What the exercise asks
In the listing below, find the line with "Poster for the" and copy every line from there up to and including the line with "Karriere-Strategien für Frauen", exactly and without pictures.

Data
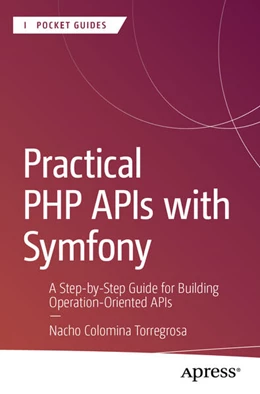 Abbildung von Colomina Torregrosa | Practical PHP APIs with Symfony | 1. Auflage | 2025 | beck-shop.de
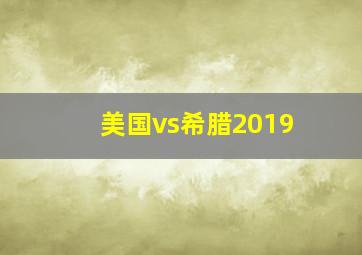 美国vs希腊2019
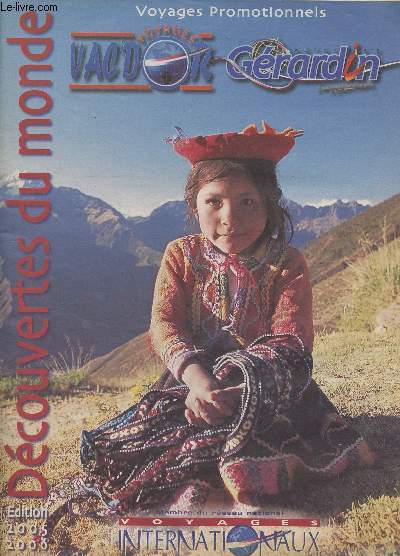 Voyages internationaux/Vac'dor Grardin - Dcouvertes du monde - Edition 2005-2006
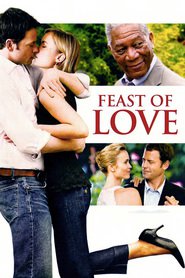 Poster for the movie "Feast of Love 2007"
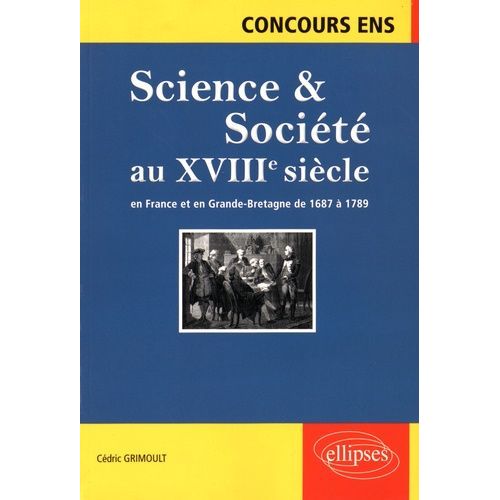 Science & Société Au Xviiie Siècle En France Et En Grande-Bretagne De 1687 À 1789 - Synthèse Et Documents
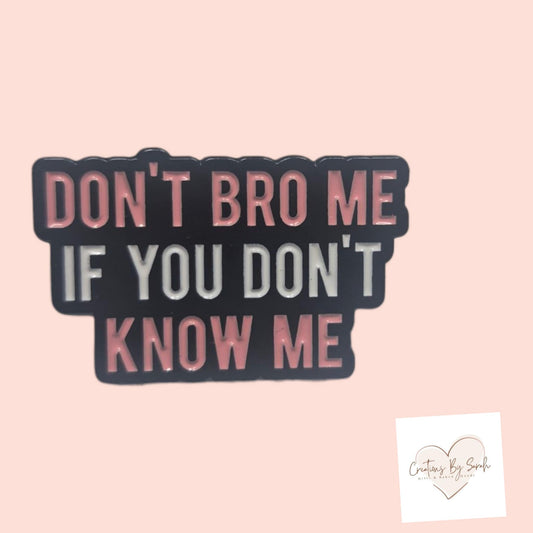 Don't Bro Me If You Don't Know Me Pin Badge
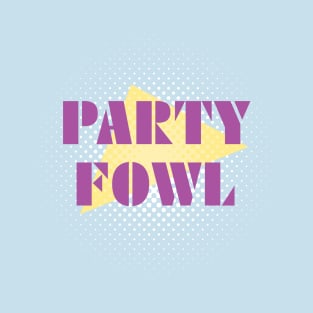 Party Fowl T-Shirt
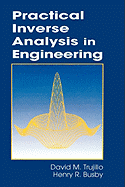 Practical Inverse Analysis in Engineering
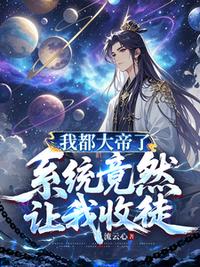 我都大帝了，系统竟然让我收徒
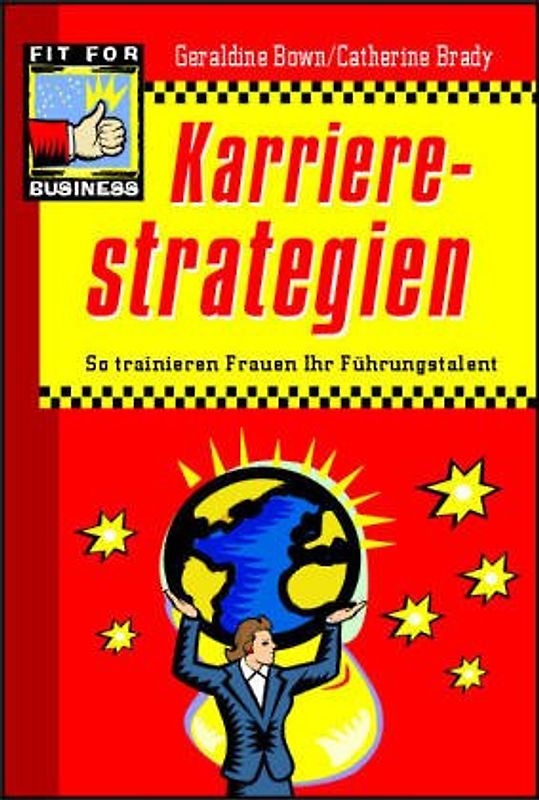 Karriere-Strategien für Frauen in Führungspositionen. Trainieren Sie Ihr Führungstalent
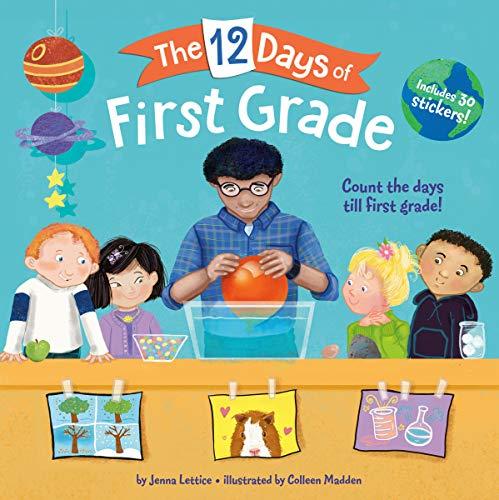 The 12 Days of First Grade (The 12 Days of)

Task solution
 Poster for the movie "Feast of Love 2007"
 Science & Société Au Xviiie Siècle En France Et En Grande-Bretagne De 1687 À 1789 - Synthèse Et Documents
 Don't Bro Me If You Don't Know Me Pin Badge
 Party Fowl T-Shirt
 Practical Inverse Analysis in Engineering
 我都大帝了，系统竟然让我收徒
 Karriere-Strategien für Frauen in Führungspositionen. Trainieren Sie Ihr Führungstalent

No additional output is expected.